Explaining the Superior Performance of
Liberal Arts Colleges in Attracting Black Faculty

Our surveys of black faculty at the nation's leading research universities and liberal arts colleges present an intriguing question: Why have the liberal arts colleges been more successful in attracting black faculty than the nation's large research universities? There are several possible explanations:

• First, the large research universities are likely to have extensive programs in the sciences and engineering, fields that traditionally have had few black academics. While many liberal arts colleges have excellent science programs, science faculty are likely to make up a much smaller percentage of the total faculty than is the case at the larger research universities.
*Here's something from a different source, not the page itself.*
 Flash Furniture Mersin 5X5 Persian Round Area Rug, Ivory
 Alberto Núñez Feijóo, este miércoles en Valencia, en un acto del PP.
• The most popular majors at liberal arts colleges, such as psychology, English literature, political science, and sociology, are fields in which there are significant numbers of black scholars.

• Despite their size, most of these small liberal arts colleges have black studies programs. Black studies is in many cases an interdisciplinary program that fits in nicely with a general liberal arts program. These small colleges undoubtedly seek out black academics to teach courses in black studies.
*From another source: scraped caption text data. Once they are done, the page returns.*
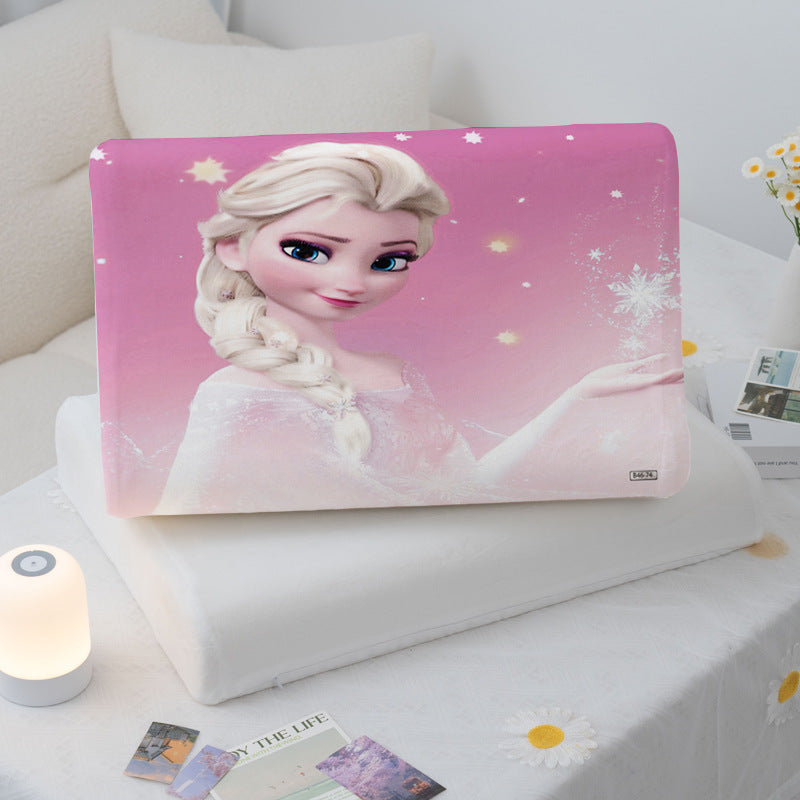 summer new Princess Aisha milk velvet pillowcase 360 wrapped pillow with elastic cool latex pillow., Summer Sleep, Hot Weather Comfort, Elastic Cover, Stylish Bedding, Comfortable Padding, Latex Filling, Adjustable Support, Pillow Protector, Home Decor Lo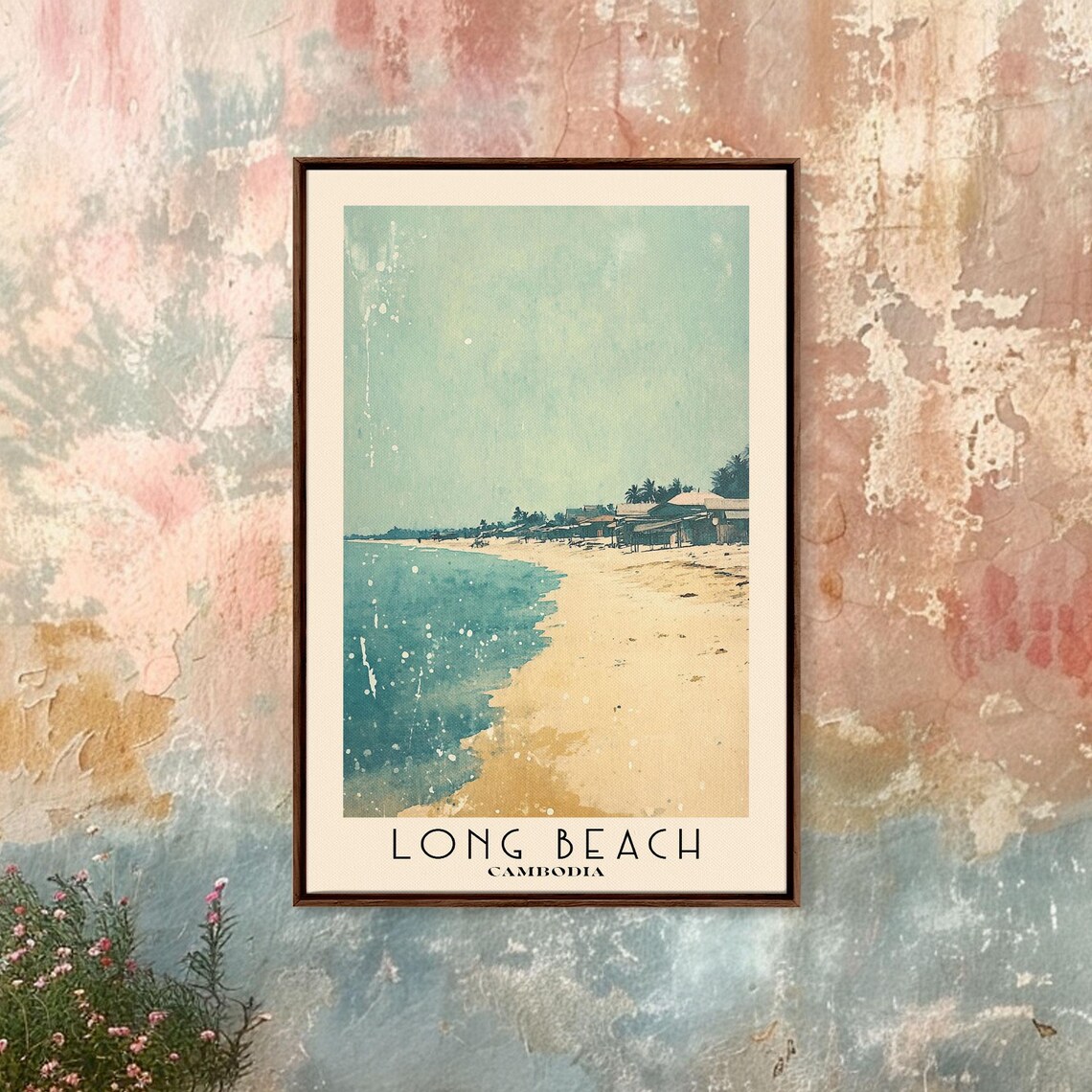 Long Beach Cambodia White Sand Turquoise Sea Shore Village Travel Poster - Image 5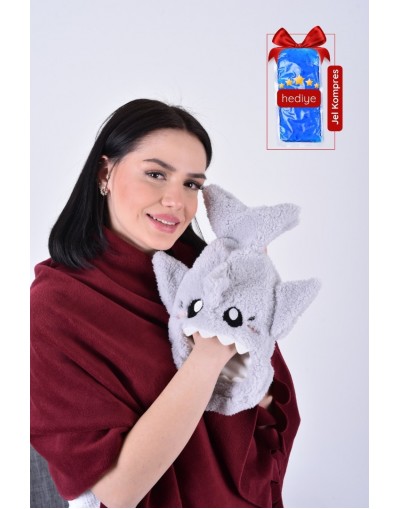 VAVEY Shark Desenli Gri Su Torbası Kılıfı Yumuşak, Rahatlatıcı ve Isı Terapisi (Termojel Hediyeli)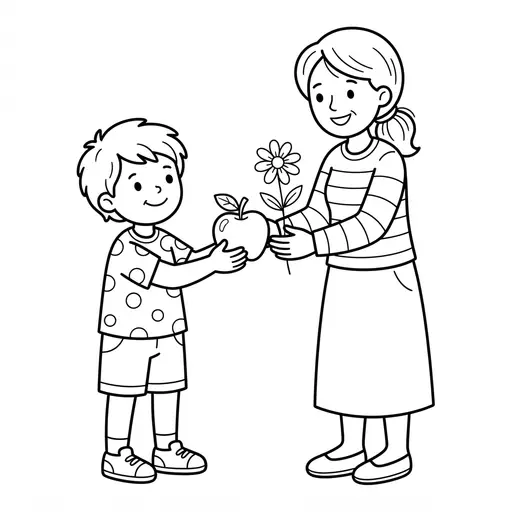 Teacher Coloring Page — Receiving an Apple and Flower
• Many large research institutions have deeply entrenched and virtually all white academic departments that are distinctly unsympathetic to administration pressures to engage black academics. Indeed, some students of academic hierarchies believe that pretenses of racial open-mindedness often expressed in solemn commitments to greater diversity are a form of behavior more common at our great universities than at the small liberal arts schools.
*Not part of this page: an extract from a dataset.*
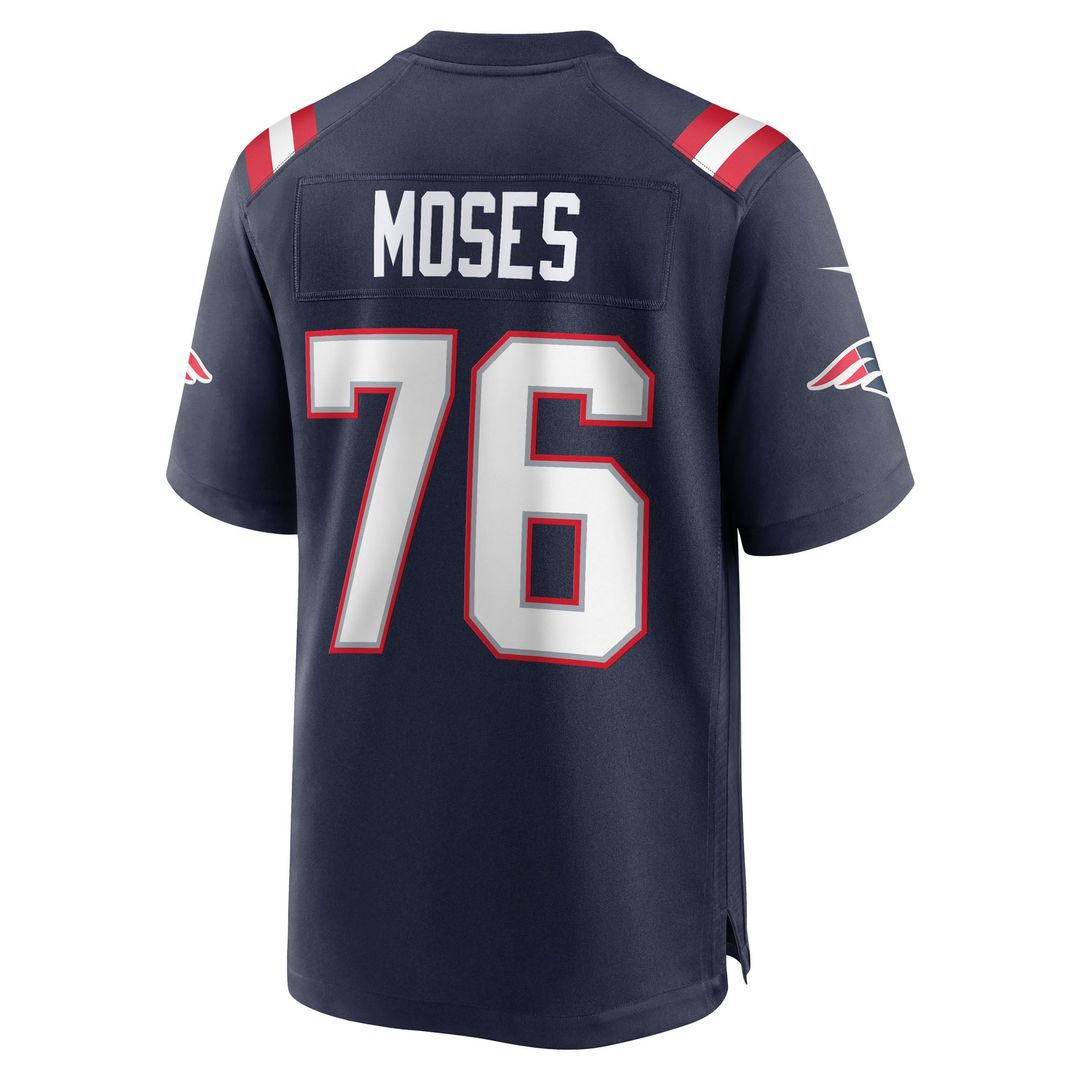 Men's Nike New England Patriots Morgan Moses Navy Team Game NFL Jersey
• Small liberal arts colleges often provide an environment in which black scholars are able to concentrate on teaching in a small class setting. This affords them an opportunity to comfortably mentor young African-American students.

• The isolation of many campuses of liberal arts colleges often shields black academics from some of the burdens of being black in a white man's world. The campus of a liberal arts college tends to present a secure and generally racially tolerant atmosphere in which recruiting decisions are made closer to the top of the organization.

Tenured Black Faculty at
High-Ranked Liberal Arts Colleges

In terms of tenured black faculty, once again the liberal arts colleges outperform the highly ranked universities. According to the JBHE survey, nine high-ranking liberal arts colleges have a tenured faculty that is 5 percent or more black. Recall that only three of the nation's highest-ranked research universities had tenured faculties that were at least 5 percent black.

There are 11 black faculty members holding tenure at Mount Holyoke College, the highest number in our survey among the prestigious liberal arts colleges. There are 10 black tenured faculty at Swarthmore College and eight each at Smith and Oberlin. At Swarthmore, 10 of the 11 black faculty members hold tenure. There is only one black holding tenure at both Claremont McKenna College and Bowdoin College.

In percentage terms, Haverford leads the small highly ranked liberal arts colleges. Six of the 73 tenured faculty at Haverford, or 8.2 percent, are black. Six of the nine black faculty members at Haverford hold tenure. At Bates, Mount Holyoke, and Swarthmore, blacks are at least 7 percent of the tenured faculty.

At Middlebury College, Claremont McKenna College, and Bowdoin College, blacks are less than 2 percent of the tenured faculty. Only five of the 17 black faculty members at Vassar College hold tenure.

Black Department Heads at Liberal Arts Colleges

There are three black department chairs at both Vassar College and Bryn Mawr College. Nearly 11 percent of all department chairs at Vassar and more than 8 percent of the department chairs at Mount Holyoke are black.

There are two African-American department chairs each at Pomona College, Swarthmore, and Wesleyan University. No other highly ranked liberal arts college has more than one black department chair. There are no black department chairs at Claremont McKenna College, Macalester College, Middlebury College, Mount Holyoke, Washington and Lee University, or Williams College.